Direct compression (DC) remains the most preferred technique to produce tablets, and its effectiveness is directly influenced by raw material attributes. Therefore, the selection of specific grades of excipients to achieve desirable powder flow and compression properties is of importance. Shifting toward continuous manufacturing requires even more enhanced performance, quality, and consistency directly from the starting ingredients. Starch, as a well-known excipient with good compression characteristics in its native state, is poorly flowing and highly sensitive to lubrication. The objective of this study was to characterize the flow properties of different starch products and investigate the suitability of modified starch products for continuous manufacturing.

“Evaluation of Multifunctional Magnesium Aluminosilicate Materials as Novel Family of Glidants in Solid Dosage Products”

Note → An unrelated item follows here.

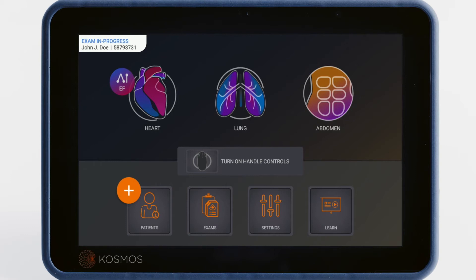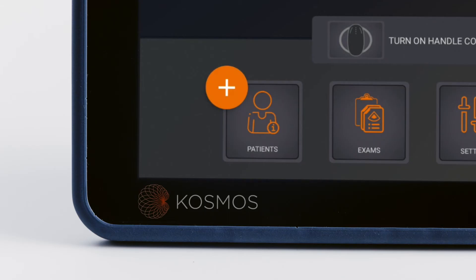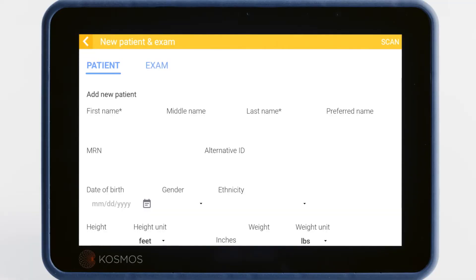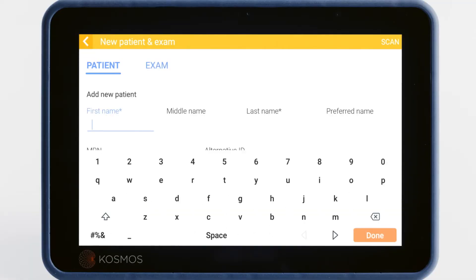If your Cosmos is not connected to a Health Information System, return to the home screen and to add a new patient, tap the orange plus sign. In the form, first and last names are required. If you leave the MRN blank, the system will automatically assign one.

D.T. Tran, P. Komínová, L. Kulaviak, P. Zámostný | Department of Organic Technology, Faculty of Chemical Technology, University of Chemistry and Technology, Czech Republic; Department of Multiphase Reactors, Institute of Chemical Process Fundamentals of the ASCR, Czech Republic
International Journal of Pharmaceutics | 8 November 2020

The work was aimed at evaluating the efficiency of multifunctional magnesium aluminosilicate materials (MAS) as a novel glidant in solid dosage forms. MAS are known for their very low cohesive interactions and their utilization could avoid the disadvantages associated with conventional glidant usage. Flow properties of several mixtures comprising a model excipient (microcrystalline cellulose) and a glidant were characterized using a powder rheometer FT4. The mixtures were formulated to represent effects of glidant types, various levels of glidant loading, particle size and mixing time on flow properties of the model excipient. Pre-conditioning, shear testing, compressibility, flow energy measurements and an additional tapping test were carried out to monitor flow properties. Mixtures were analyzed employing scanning electron microscopy, using a detector of back-scattered electrons to identify a mechanism of MAS towards improving the mixture flow properties. All studied parameters were found to have substantial effects on mixture flow properties, but the effect of mixing time was much less important compared to mixtures based on traditional glidant. The mechanism of MAS glidant action was found to be different compared to that of traditional one, having less process sensitivity, so that MAS utilization as glidant could be advantageous for the formulation performance.